WHAT YOU NEED TO DO: Nothing in the records below should be altered in the copy, although the pictures must be left out.

----- GIVEN INFORMATION

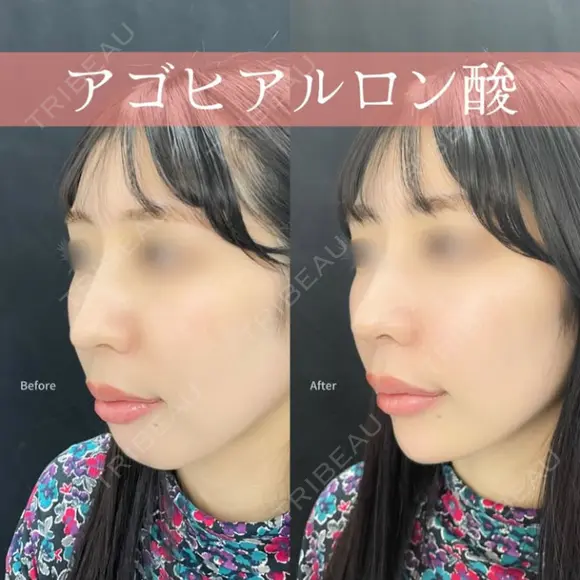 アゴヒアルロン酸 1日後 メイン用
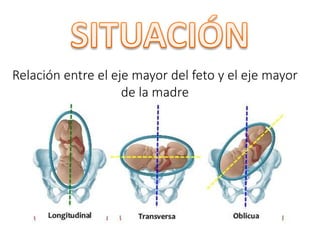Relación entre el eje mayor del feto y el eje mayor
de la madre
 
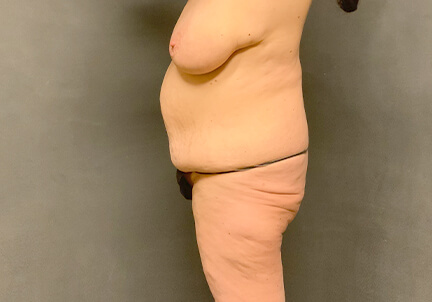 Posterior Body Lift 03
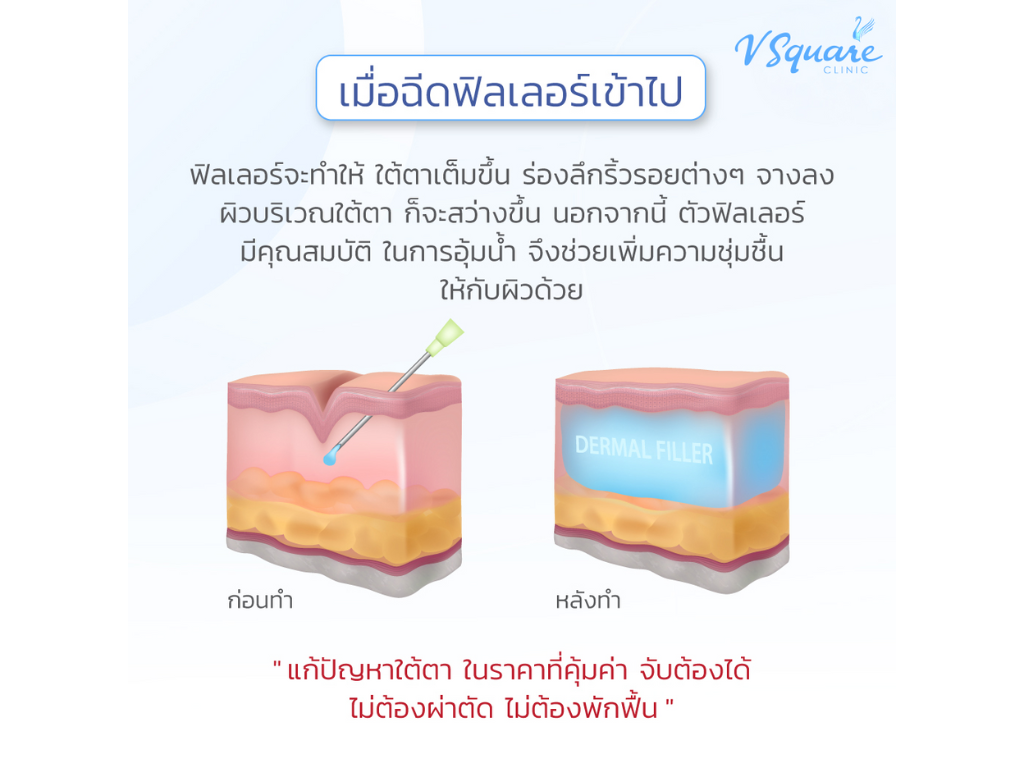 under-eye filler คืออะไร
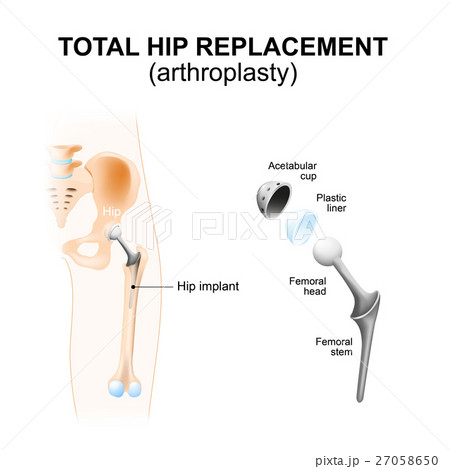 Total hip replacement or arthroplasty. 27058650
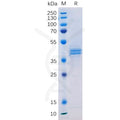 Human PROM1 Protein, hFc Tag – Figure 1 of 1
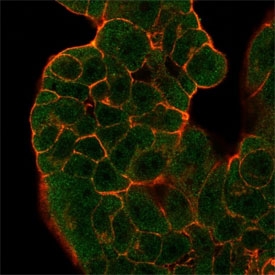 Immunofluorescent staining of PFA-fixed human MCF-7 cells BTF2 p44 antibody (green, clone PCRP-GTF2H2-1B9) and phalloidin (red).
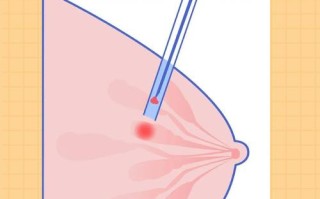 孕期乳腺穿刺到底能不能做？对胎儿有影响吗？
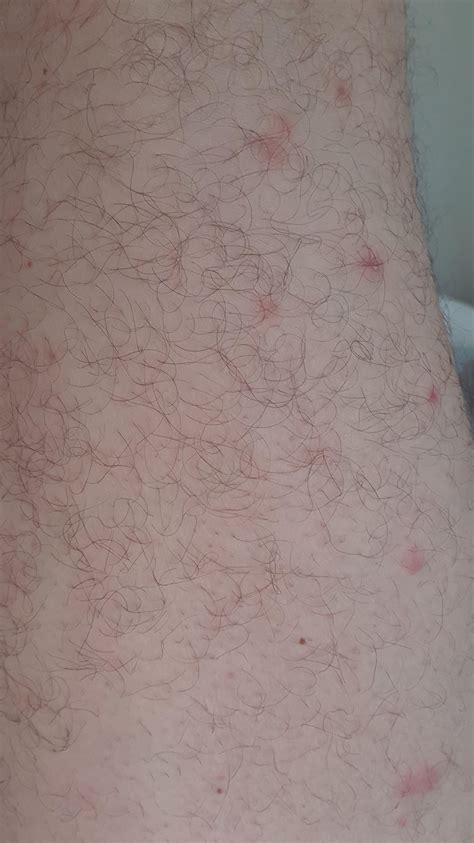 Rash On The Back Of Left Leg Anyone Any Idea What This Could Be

----------

THE ANSWER:
 アゴヒアルロン酸 1日後 メイン用
Relación entre el eje mayor del feto y el eje mayor
de la madre
 
 Posterior Body Lift 03
 under-eye filler คืออะไร
 Total hip replacement or arthroplasty. 27058650
 Human PROM1 Protein, hFc Tag – Figure 1 of 1
 Immunofluorescent staining of PFA-fixed human MCF-7 cells BTF2 p44 antibody (green, clone PCRP-GTF2H2-1B9) and phalloidin (red).
 孕期乳腺穿刺到底能不能做？对胎儿有影响吗？
 Rash On The Back Of Left Leg Anyone Any Idea What This Could Be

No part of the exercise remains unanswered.